Goal of the exercise
The copy has to match the data exactly and leave out every picture.

Dataset content
※

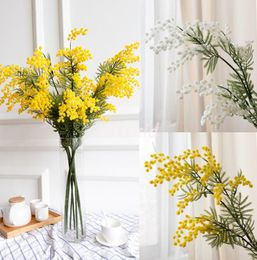 Fake Wattle Acacia Mimosa Spray 85 cm Garland Artificial Flower Home Decoration Plant Yellow or White Color2755017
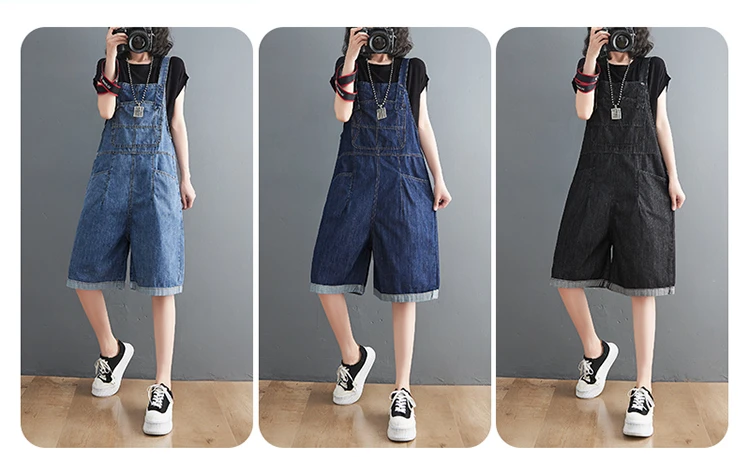 Spring Summer Jean Short Jumpsuits Women Casual Streetwear Loose Wide Leg Shorts Denim Overalls Straps Rompers Cargo Baggy Pants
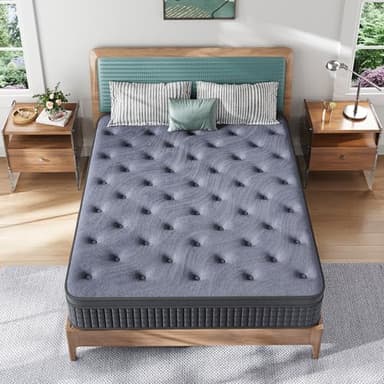 Susalt Queen Mattress, 12 Inch Hybrid Mattress in a Box, Gel Memory Foam, Medium Firm, Edge Support, Motion Isolation, Pressure Relief, Zoned Support Spring, CertiPUR-US Certified, Black & Gray - Image 2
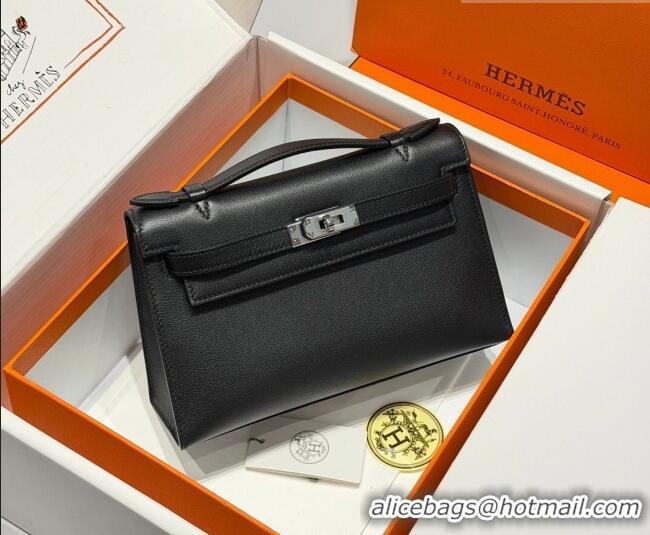 Grade Quality Hermes Kelly Pochette Swift Bag 22cm in Cow Leather 0414 Black/Silver 2026 (Half Handmade)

※

Answer for the task
 Fake Wattle Acacia Mimosa Spray 85 cm Garland Artificial Flower Home Decoration Plant Yellow or White Color2755017
 Spring Summer Jean Short Jumpsuits Women Casual Streetwear Loose Wide Leg Shorts Denim Overalls Straps Rompers Cargo Baggy Pants
 Susalt Queen Mattress, 12 Inch Hybrid Mattress in a Box, Gel Memory Foam, Medium Firm, Edge Support, Motion Isolation, Pressure Relief, Zoned Support Spring, CertiPUR-US Certified, Black & Gray - Image 2
 Grade Quality Hermes Kelly Pochette Swift Bag 22cm in Cow Leather 0414 Black/Silver 2026 (Half Handmade)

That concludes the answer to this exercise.